Jake Blues (John Belushi) is released early from prison for good behaviour and picked up in a cop car by his brother Elwood (Dan Aykroyd). After visiting a nun at the orphanage where they grew up, the brothers learn the building is to be closed unless they come up with $5000 in taxes. At a church Jake sees the light and plans to get the band back together for a fund raising event. The Blues Brothers are now, on a mission from God.

As they convince the band to come back for a gig, Jake and Elwood find themselves on the wrong side of the law, a Nazi party, a former lover and a country western band, all out for their blood. Culminating in one of the most iconic, greatest and standard setting car chases ever seen on screen.

On re-watching the film I found it much longer than I remembered, at an impressive 2 hours 20 minutes, a hefty run time for the era it’s from. The good thing is the film doesn’t at all drag, going from set piece to song in glorious fashion. It’s hard to believe that from a skit on a comedy show and a passion for blues this film arrived and caused the impact it has. The Blues Brothers are internationally recognised characters and the film’s soundtrack is amazing, partly in thanks to the huge names they were able to get in for cameos (Aretha Franklin and Ray Charles just to name two).

It was Aykroyd who introduced the Blues to Belushi who devoured it. He himself had said he was getting sick of rock and roll and the Blues “felt good”. He and Aykroyd would join in and sing with blues bands that performed around Chicago and in Aykroyd’s “Blues Bar” and it was SNL composer Howard Shore who named them “The Blues Brothers”. The love for the subject matter shines through in the performances on screen. They not only know their stuff, but they have a passion for the music too that flows through them.

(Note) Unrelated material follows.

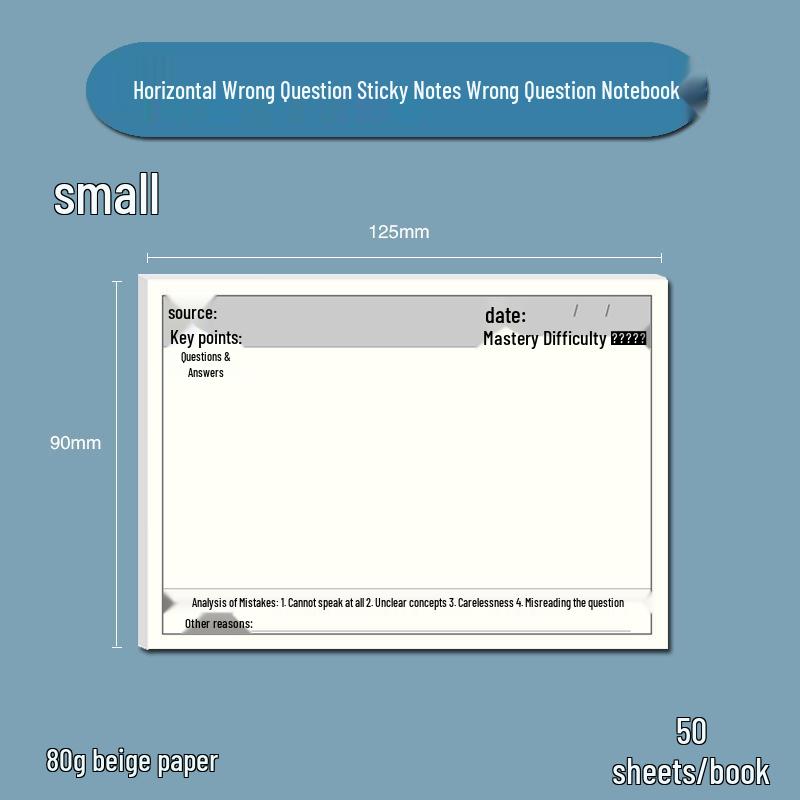 Student Mistake Correction Sticky Notes: Notebook Function, English Homework Aid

Although not a blockbuster at the box office this film has stood the test of time and is a feel good, laugh out loud musical comedy from start to finish. If I have one negative comment to make its that the DVD version doesn’t do the soundtrack justice. For all the car chases and musical numbers the surround sound is extremely limited. There is the occasional gunshot, the dripping of water, but considering it’s soundtrack and car chase sequences it’s lackluster at best.

Hopefully something like this will be rectified when the movie steps into a next generation format, so it shouldn’t be held against an other wise fine movie. The real negative is the untimely death of Belushi, without whom the Blues Brother brand has continued, but will never really be the same.